Obama insistiu, mais uma vez, que não pode tolerar a construção de novos assentamentos por Israel nos territórios ocupados. Descreveu a humilhação diárias por que passam os palestinos na Cisjordânia e na Faixa de Gaza. Ao mesmo tempo, mostrou que as ações do Hamas, lançando inócuos foguetes em crianças dormindo e explodindo ônibus com senhoras idosas, não alcançam nenhum objetivo. Aconselhou os palestinos a seguirem os movimentos de igualdade de negros e brancos nos EUA nos anos 1960 e, anos mais tarde, na África do Sul.

Dos países árabes, afirmou que eles precisam dizer em público o que falam a portas fechadas, quando dizem que Israel é uma realidade. O mesmo vale para os israelenses em relação aos assentamentos. Sua política, a partir de agora, é dizer em público o que conversa privadamente.

Foto: AP

Jovens sírias ouvem o presidente americano em Damasco

Os direitos das mulheres também teve importância no discurso. Este é um dos tópicos mais discutidos no mundo islâmico. A questão das microfinanças, na qual crédito é concedido para mulheres de baixa renda poderem desenvolver atividades econômicas empreendedoras, recebeu destaque – vale lembrar que as microfinanças são conhecidas por seu sucesso em países muçulmanos, como Bangladesh.

Talvez Obama tenha deixado a desejar quando discutiu a importância da democracia. O presidente não teve coragem de bater de frente com as ditaduras travestidas de repúblicas ou de monarquias no Oriente Médio. Por que não falar que Hosni Mubarak deve deixar de reprimir a oposição no Egito e respeitar a Justiça? Ou que o rei Abdullah, da Arábia Saudita, deveria pelo menos permitir que as mulheres dirijam? Se israelenses e palestinos recebem recados diretos, os governos árabes também deveriam ser advertidos.

Membros da oposição do Egito boicotaram o discurso de Obama na Universidade do Cairo. Nos portões da universidade, onde estive agora de manhã (aqui no Egito), havia apenas 20 manifestantes pedindo o “fim do cerco a Gaza” e para “parar a ocupação israelense”. Disseram que um protesto dos opositores ocorreria na praça Tahrir, no centro do Cairo.
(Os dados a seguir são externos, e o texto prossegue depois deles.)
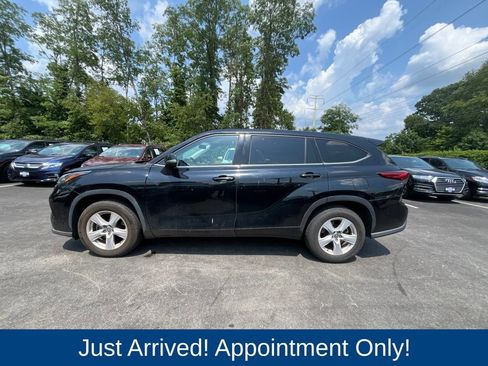 Used 2020 Toyota Highlander LE FWD image 4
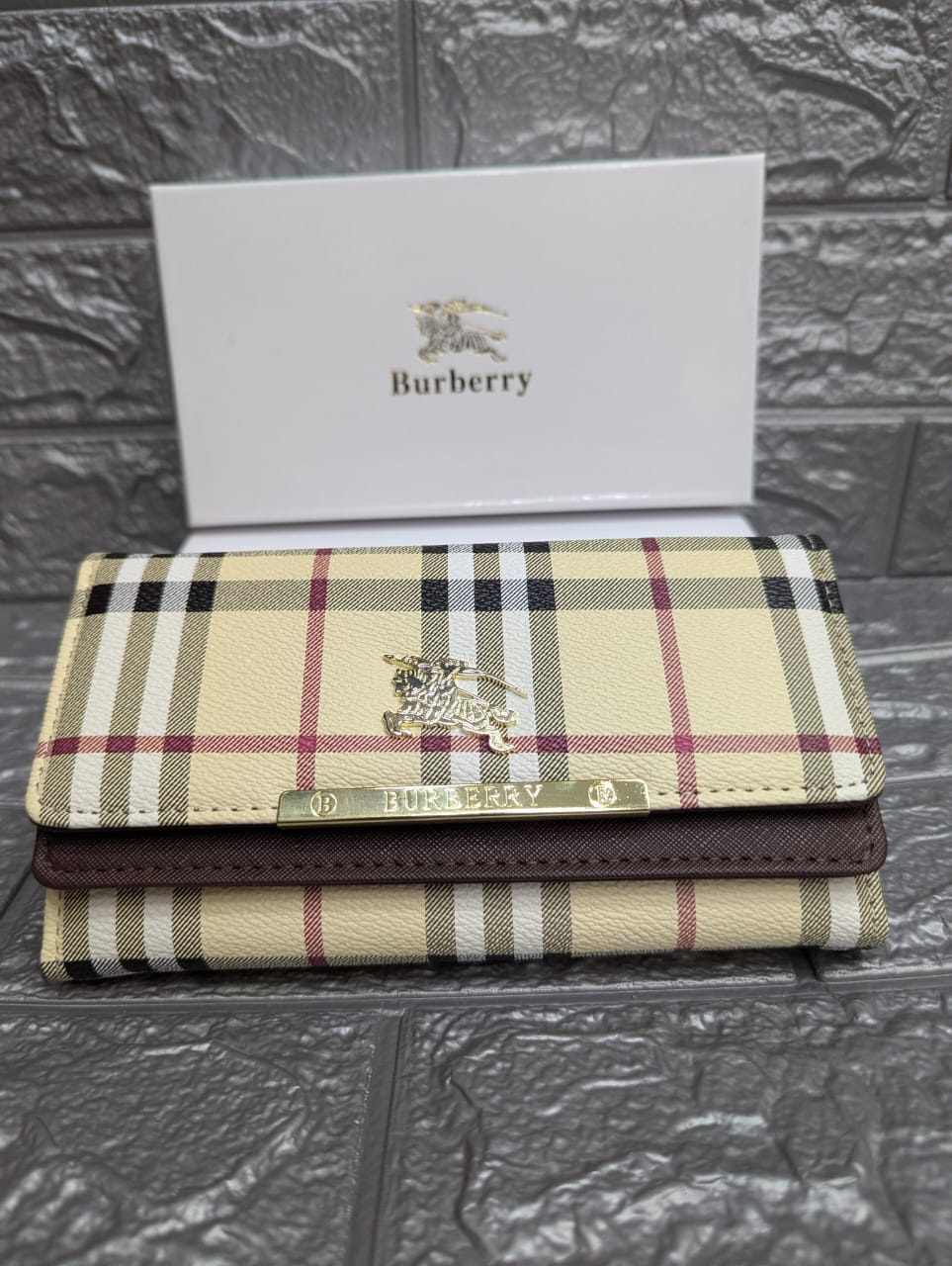 BURBERRY-Long Wallet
Quando passei por esta área, diante do Museu Egípcio, não havia ninguém, a não ser alguns turistas perdidos, militares de branco e poucos carros circulando. Hoje, os egípcios, como os árabes e muçulmanos, pararam para ver Obama falar.

A minha crítica é que, apesar do tempo restrito, Obama não mencionou a Síria, a perseguição dos curdos na Turquia e dos Bahá’í no Irã.

Foto: AP

Jovens universitários posam para fotos, antes da chegada de Barack Obama, a universidade do do Cairo


O jornalista Gustavo Chacra é mestre em Relações Internacionais pela Universidade Columbia, é correspondente de "O Estado de S. Paulo" em Nova York. Já fez reportagens de Beirute, Damasco, Tel Aviv, Jerusalém, Gaza, Nablus, Ramallah, Cairo e Amã quando era correspondente do jornal O Estado de São Paulo no Oriente Médio.